Could you retype only the lines from the one containing "Saint-Cezaire-sur-Siagne Villa |" through the final line of the entries, both included, skipping any images?

------------------------

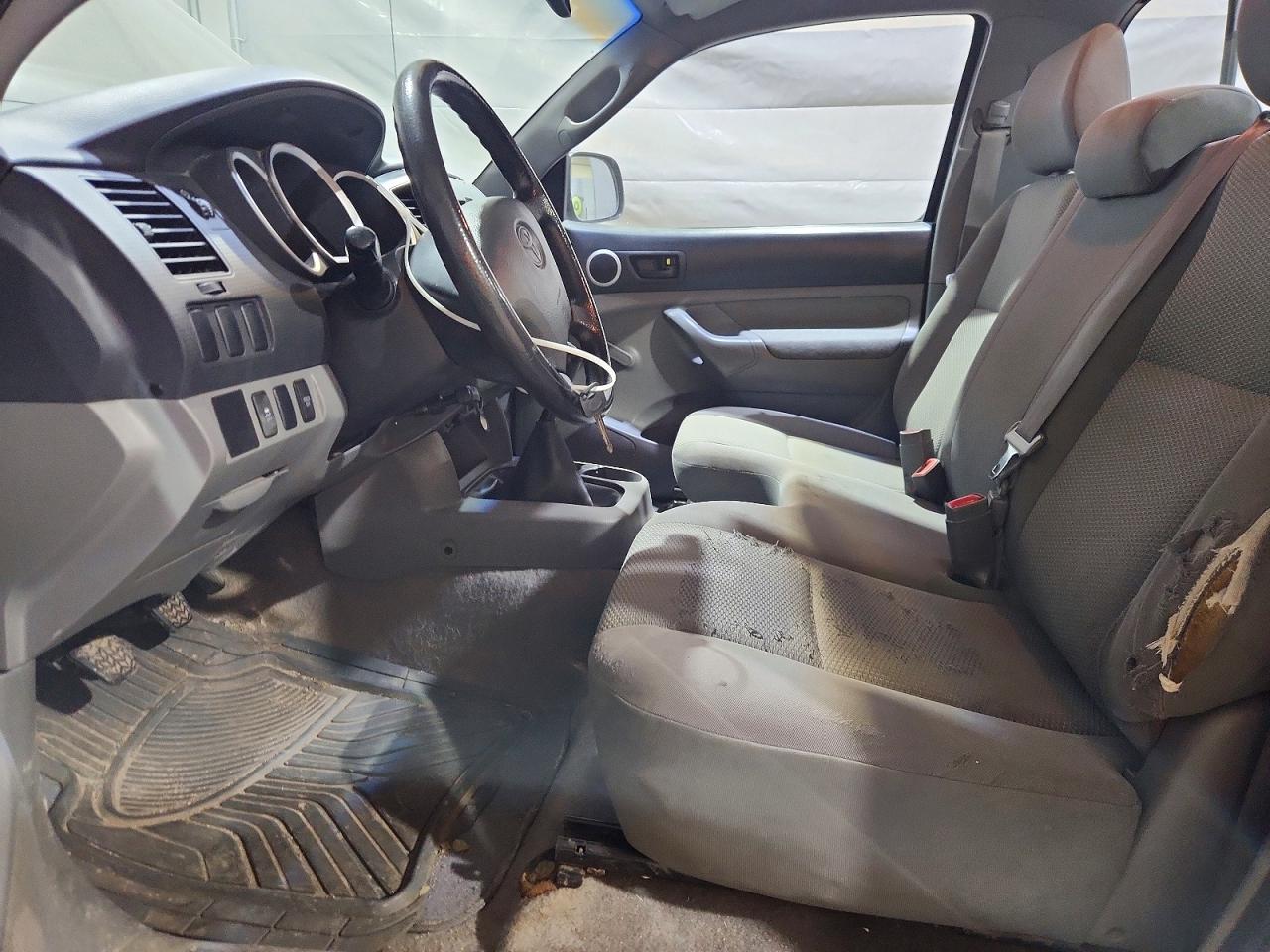 Toyota Tacoma Base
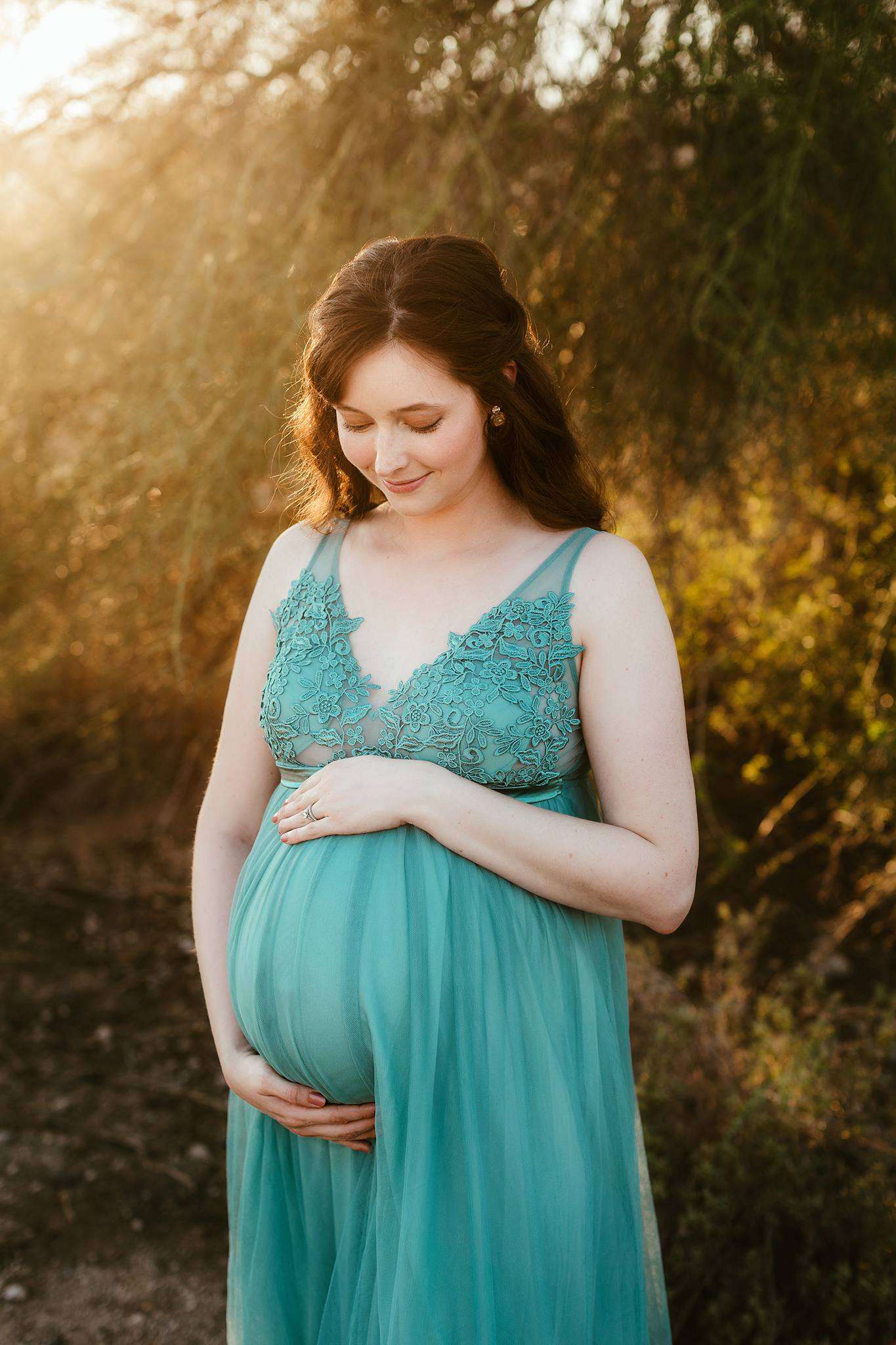 Verrado Maternity Photographer, professional maternity photos, maternity photography near me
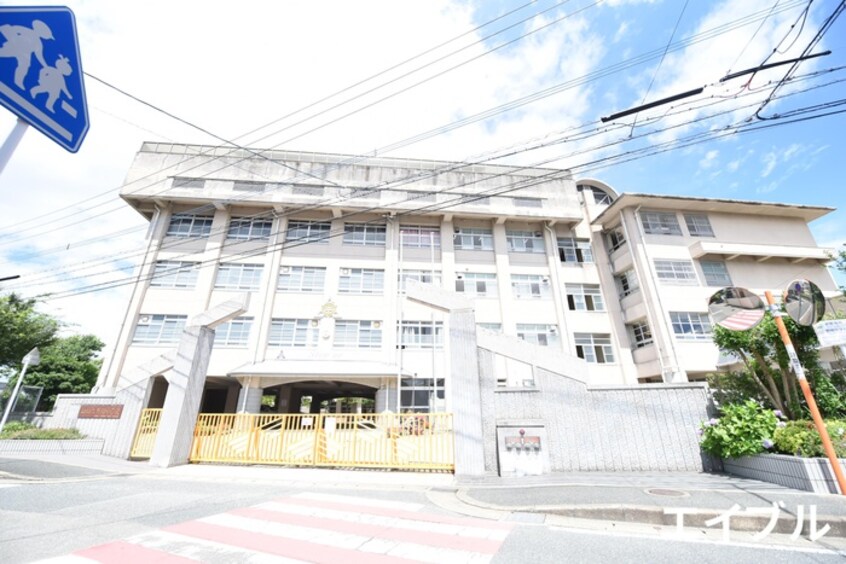 野間中学校(中学校/中等教育学校)まで450m 野間パレス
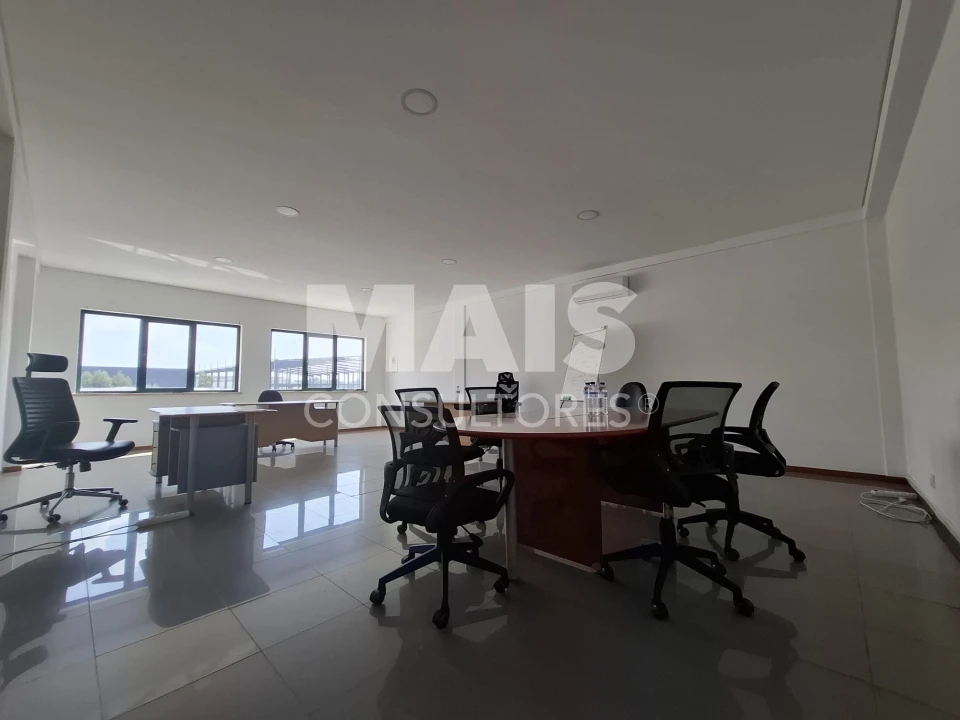 Prédio para Venda em Alto do Seixalinho, Santo André e Verderena Foto 2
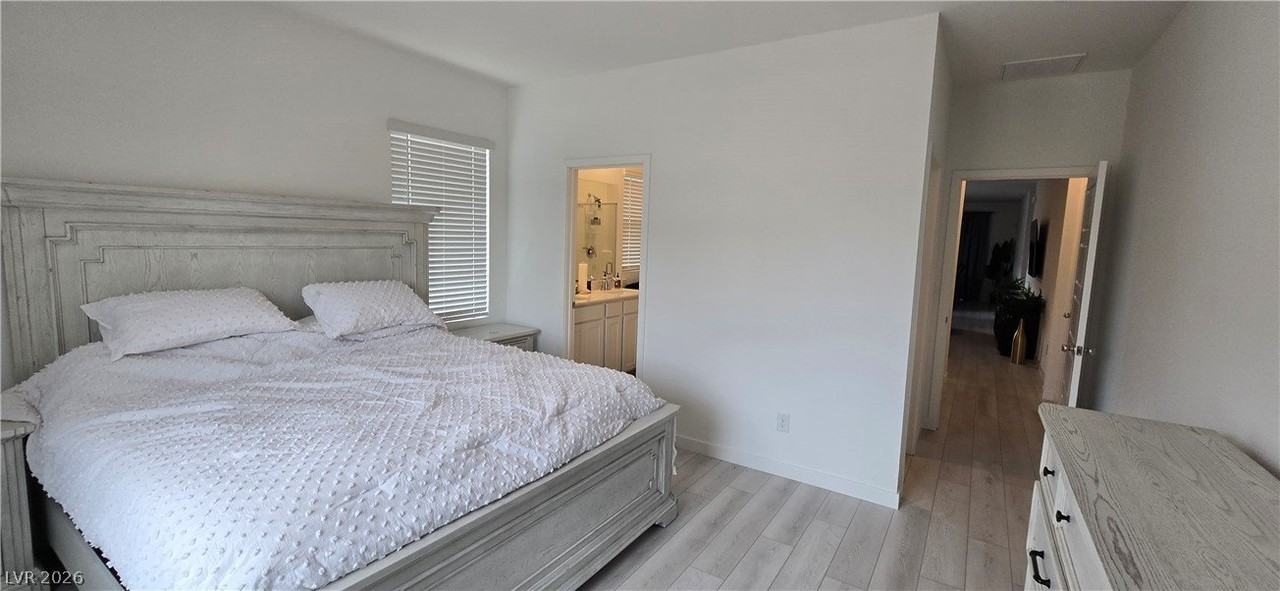 134 Cameron Chase Ave - Photo 2 of 14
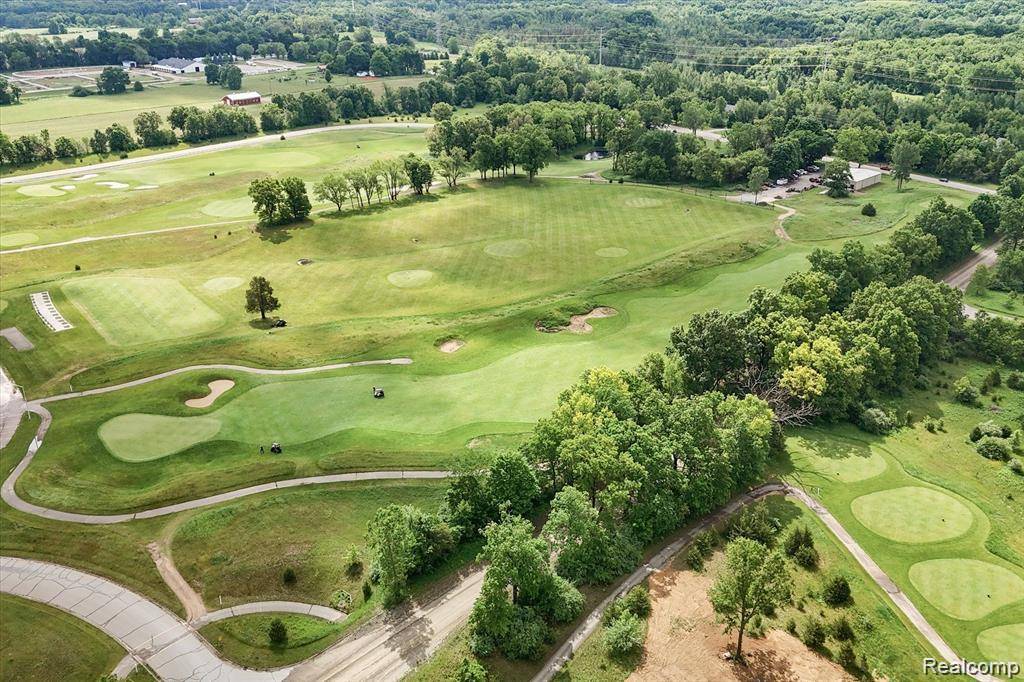 Putnam, MI 48169,3681 Outback TRL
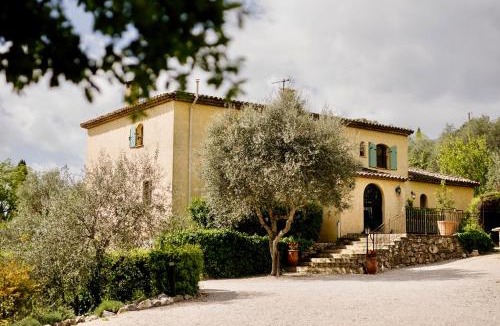 Saint-Cezaire-sur-Siagne Villa | Luxury 6 bedroom villa with pool and independent cottage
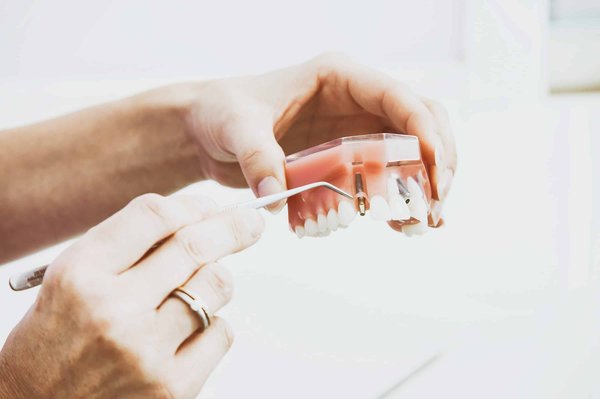 Quelles sont les meilleures pratiques pour maintenir une bonne santé bucco-dentaire chez les personnes âgées?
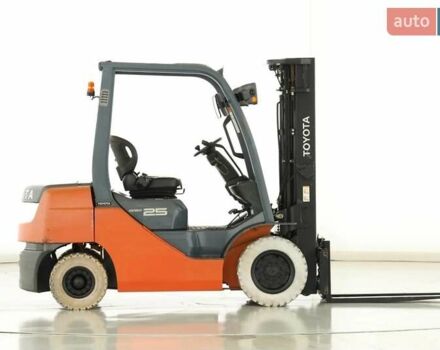 Красный Тойота 8FDF-25, объемом двигателя 2.4 л и пробегом 2 тыс. км за 21464 $, фото 6 на Automoto.ua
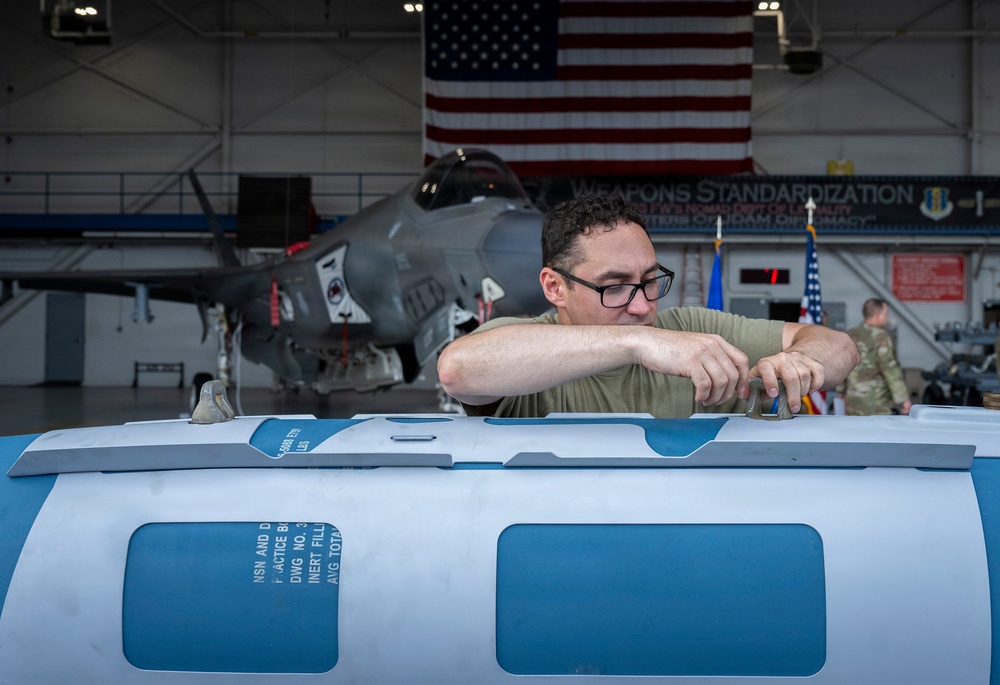 Team Eglin bomb Build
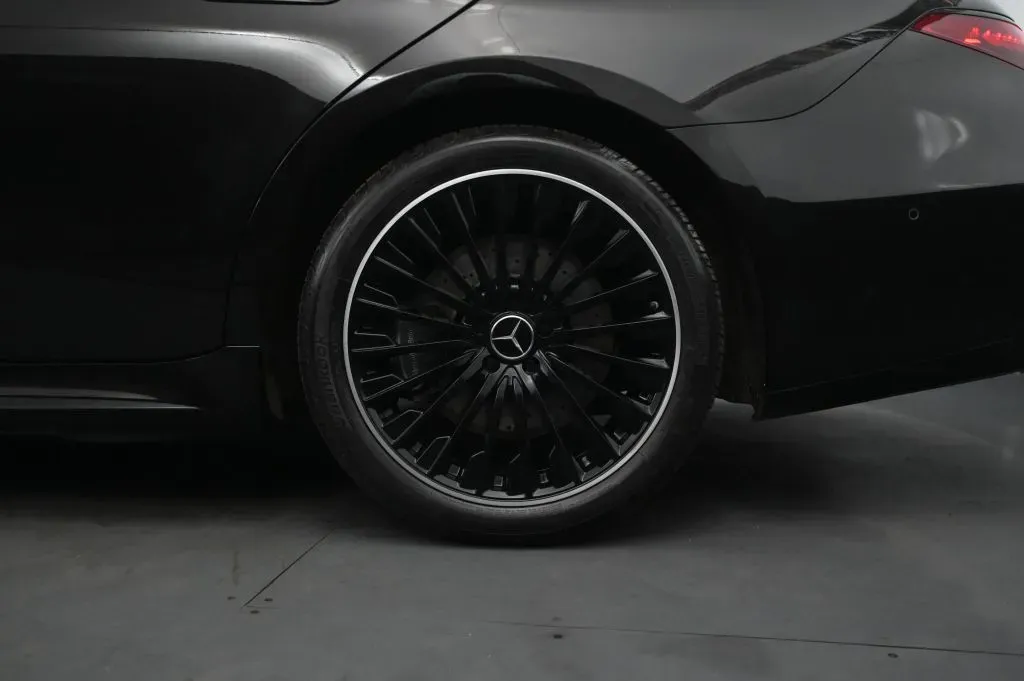 Mercedes-Benz S-Class photo 15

------------------------

▸ Exercise answer:
 Saint-Cezaire-sur-Siagne Villa | Luxury 6 bedroom villa with pool and independent cottage
 Quelles sont les meilleures pratiques pour maintenir une bonne santé bucco-dentaire chez les personnes âgées?
 Красный Тойота 8FDF-25, объемом двигателя 2.4 л и пробегом 2 тыс. км за 21464 $, фото 6 на Automoto.ua
 Team Eglin bomb Build
 Mercedes-Benz S-Class photo 15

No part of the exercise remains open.